Where in the listing does the string "with" appear? Copy every line that holds it.

*Stored data*.
·····

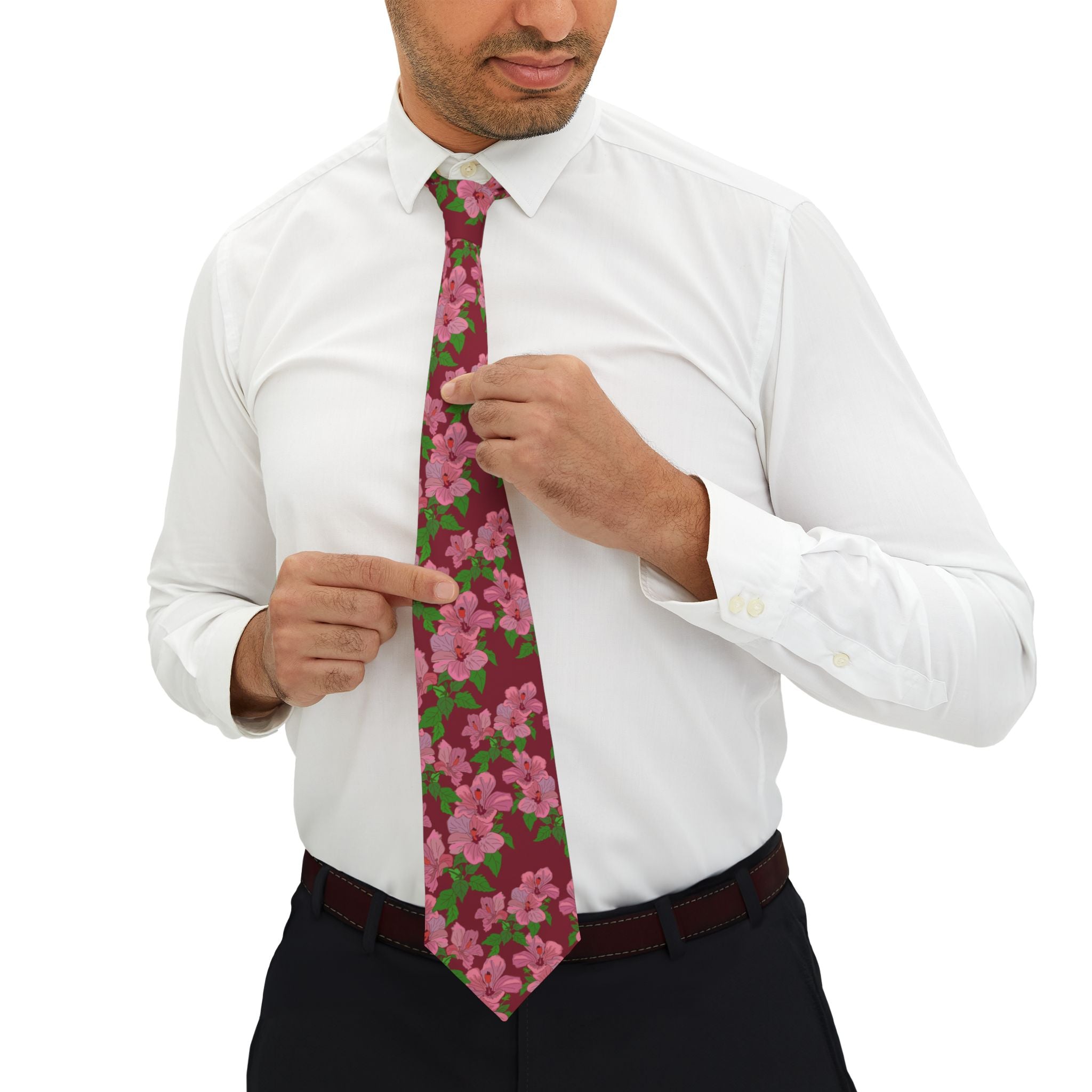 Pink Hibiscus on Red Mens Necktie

·····

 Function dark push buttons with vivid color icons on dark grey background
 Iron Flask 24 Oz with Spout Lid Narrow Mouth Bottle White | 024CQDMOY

·····

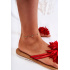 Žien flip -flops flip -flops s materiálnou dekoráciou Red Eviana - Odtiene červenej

·····

*Written answer*.
 Function dark push buttons with vivid color icons on dark grey background
 Iron Flask 24 Oz with Spout Lid Narrow Mouth Bottle White | 024CQDMOY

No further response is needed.